Também a noção das distancias pode ser uma dificuldade ocasional. Zack Zero permite ao jogador caminhar em diferentes planos, apresentando um design de níveis bastante cuidado, com áreas secretas e tesouros escondidos. O problema surge quando o jogo faz uso da sua tri-dimensionalidade e dispõe os inimigos em direções e planos diferentes, em ocasiões em que não é possível mudar de plano. Os ataques de Zack direcionam-se automaticamente para determinados inimigos, uma solução do jogo para fazer face a isto. Mas o resultado é muitas vezes confuso, especialmente quando no meio da confusão o jogador é atingido por um projétil vindo sabe-se lá de onde. Este problema ocorre nalgumas sequências de plataformas, nos momentos em que é necessário mudar de plano, ou em que obstáculos vêm do fundo em direção ao jogador, sendo difícil mais uma vez avaliar a distancia a que Zack está desses obstáculos.
O jogo apresenta ainda alguns problemas de refinamento e escolhas de design dúbias, como a existência do leveling. Zack vai recuperando as suas habilidades apanhando gemas que lhe permitem aumentar de nível, mas o jogador tem um papel passivo nesse processo, não podendo escolher quais as habilidades a desenvolver primeiro. O jogo oferece-as simplesmente e com pouca  ou nenhuma fanfarra. É pena pois este tipo de solução é bastante interessante e oferece um twist à velha formula Metroid de recuperação de habilidades. O jogo tem igualmente um ranking consoante os pontos que o jogador acumula. Jogar ligado à Playstation Network significa ter constantemente a informação dos leaderboards no ecrã, mas a verdadeira questão são os frequentes bloqueios da consola se jogarmos com o PSN ligado. Um problema que certamente será resolvido com um patch.

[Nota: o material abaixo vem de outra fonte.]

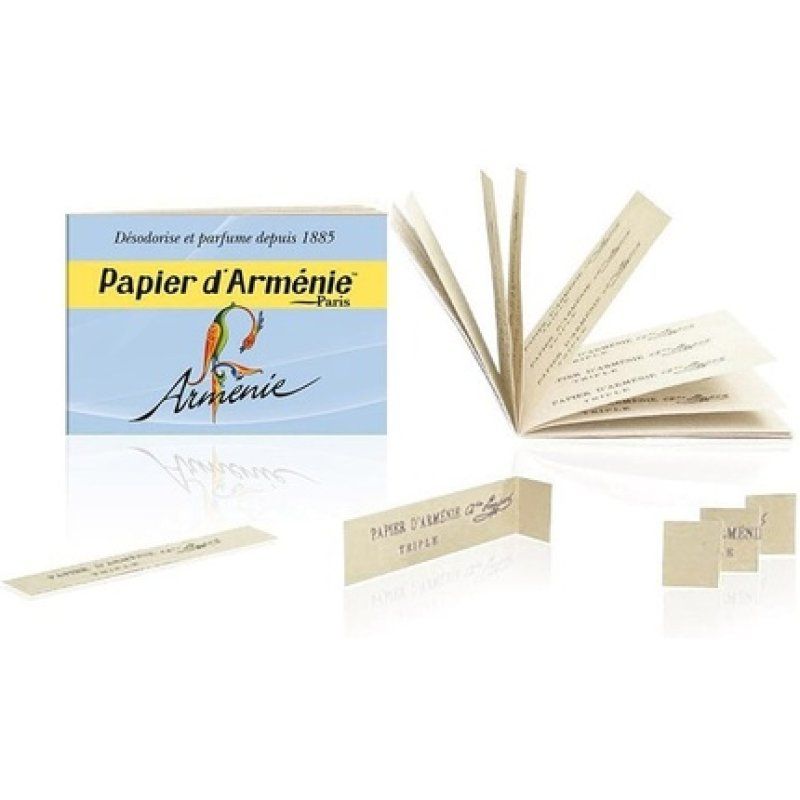 Papier D'Armenie Triple Armenian Book Cedar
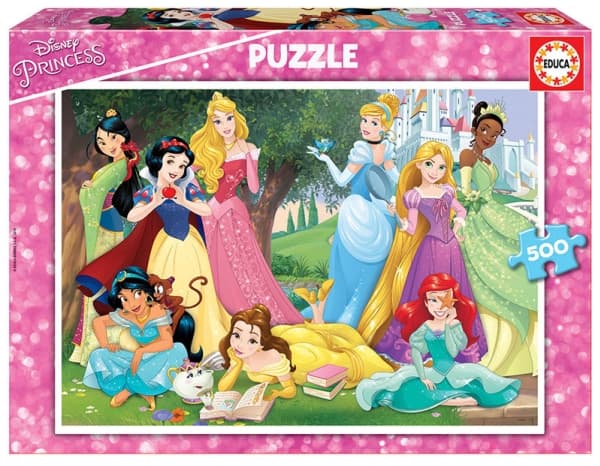 Educa Puzzle Disney Princess - 500 brikker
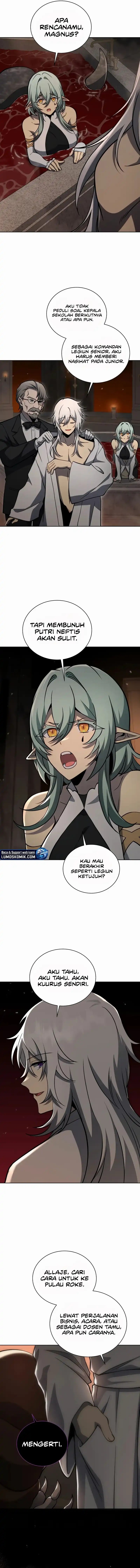Necromancer Academy’s Genius Summoner chapter 203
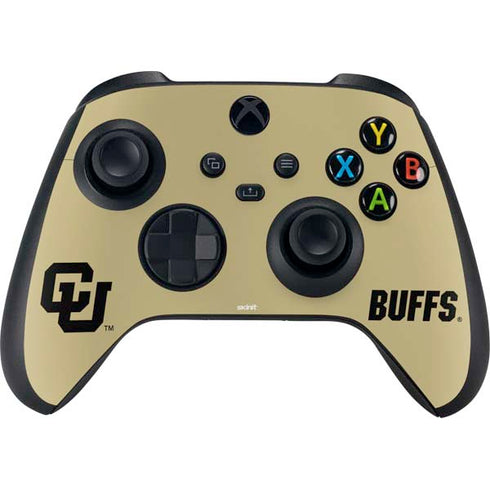 University of Colorado CU Buffs XBox Series X Digital Edition Bundle Skin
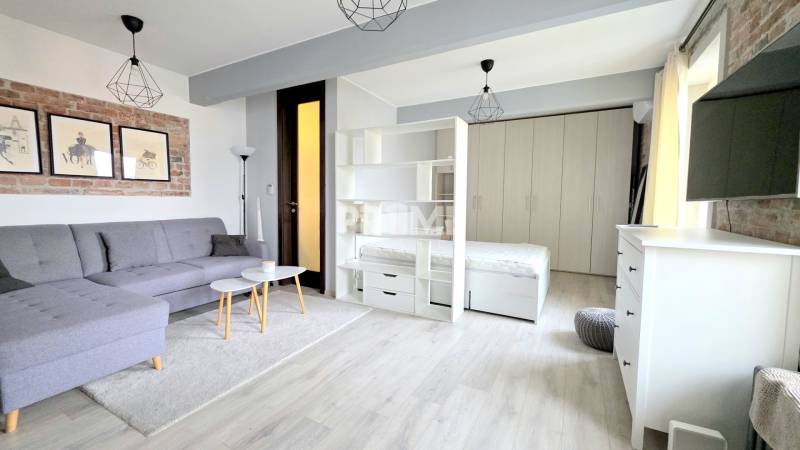 MODERNÝ 1i byt, REKONŠTRUKCIA, VÝHĽAD,BALKÓN, KLÍMA, Dostojevského rád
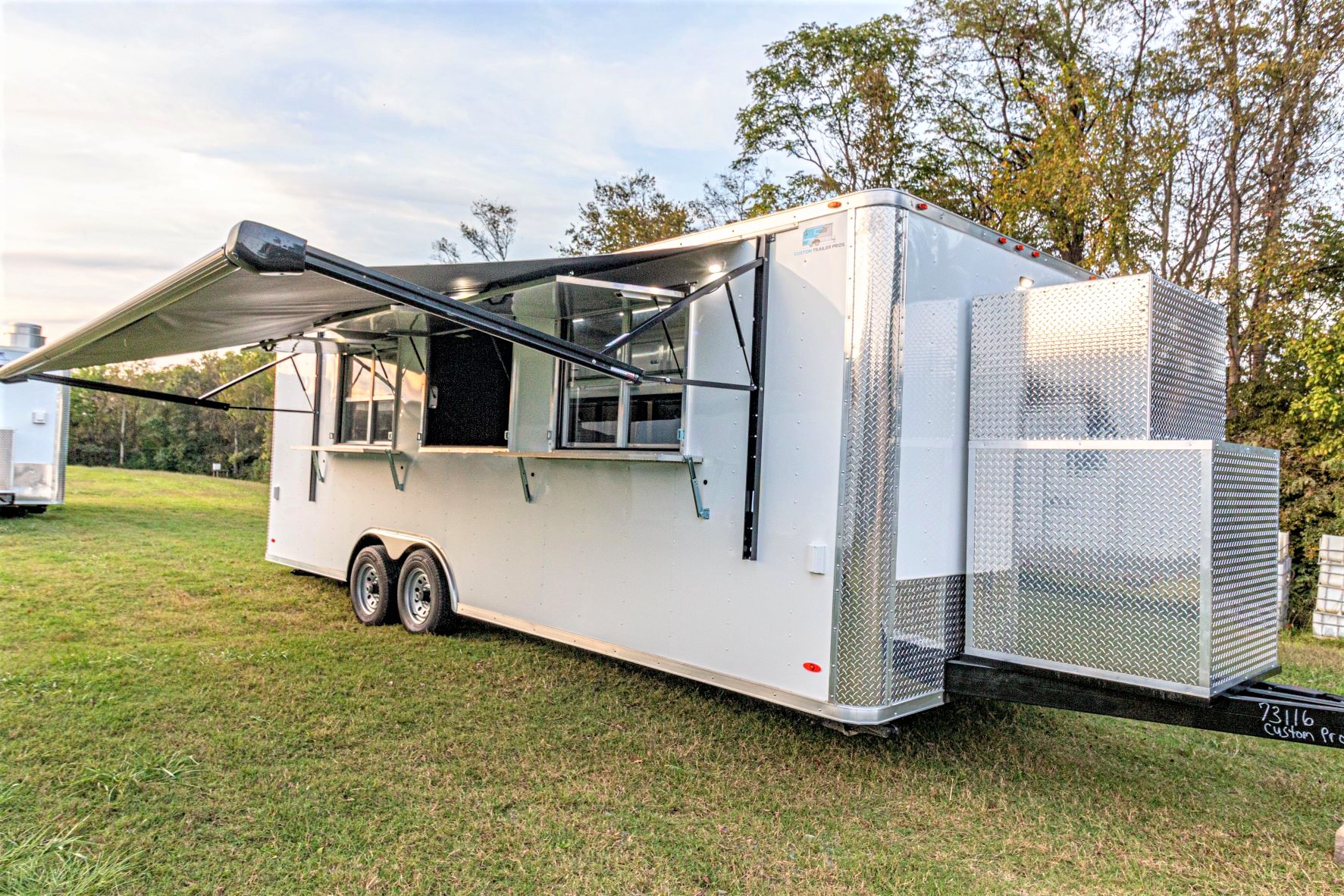 8.5x24 Equipped Catering Trailer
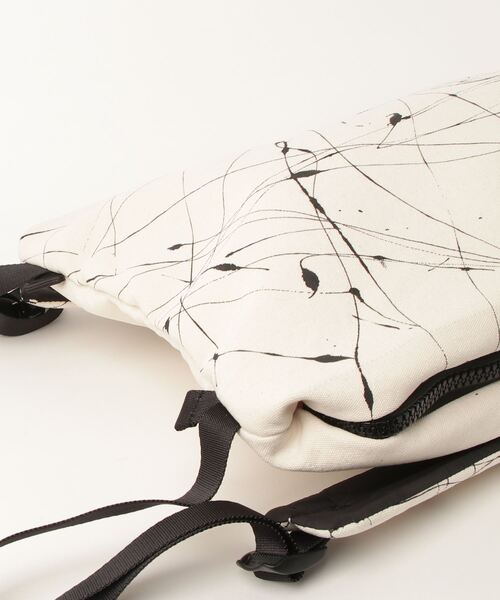 macromauro（マクロマウロ）の「【macro mauro】 Wallase&Murron Special Order / BACK PACK-M SPLASH（バックパック/リュック・メンズ・キナリ・FREE）」の3枚目の写真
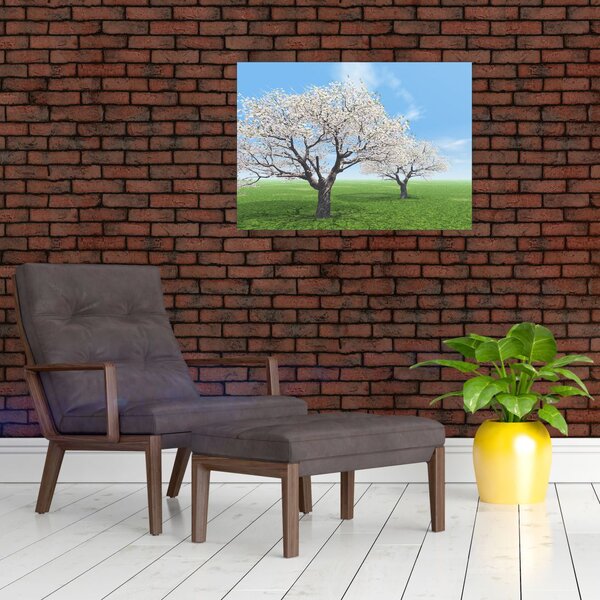 Slika drveća (70x50 cm)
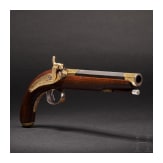 An Indian gold-damascened percussion-pistol, 2nd half of the 19th century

Tudo ao molho e fé no checkpoint!

 

Para além do combate e das plataformas, o jogo apresenta uma série de puzzles simples, de alavancas e painéis de pressão. É nos momentos de puzzle mais inspirados que Zack Zero realmente brilha: usar a forma de fogo para ultrapassar uma armadilha correndo velozmente ou parando o tempo para evitar que uma parede nos esmague, são momentos de puro divertimento. Também é nas ocasiões em que a câmara se afasta mais de Zack que o jogo mostra todo o seu potencial, permitindo ao jogador uma maior sensação de controlo ao mesmo tempo que nos proporciona uma visão mais global dos seus excelentes gráficos. Não senti necessidade de usar a forma de gelo, com a exceção de escassos puzzles que exigiam parar o tempo, o que é uma pena porque essa habilidade é um clássico e funciona muito bem. No entanto em combate não é uma opção viável tendo em conta a facilidade com que se perde vida e os reflexos rápidos exigidos nessas situações, para além de se gastar muito rapidamente.

O combate é por vezes frustrante, os puzzles simples e a câmara de consistência variável, no entanto Zack Zero é um jogo que tem personalidade. É mais difícil do que aparenta, e acaba por ser um jogo de plataformas da velha guarda com um (belo) acabamento 3D e mecânicas variadas, o que é uma lufada de ar fresco na montanha de shooters que os jogadores têm pela frente nos dias de hoje. E o amor e respeito da Crocodile pelos velhos jogos de plataformas é visível quando encontramos uma secção de jogo secreta e pixelizada, repleta de itens para apanhar. Pode não re-inventar o género, no entanto os amantes de plataformas têm em Zack Zero um jogo com solidez suficiente para algumas horas de divertimento.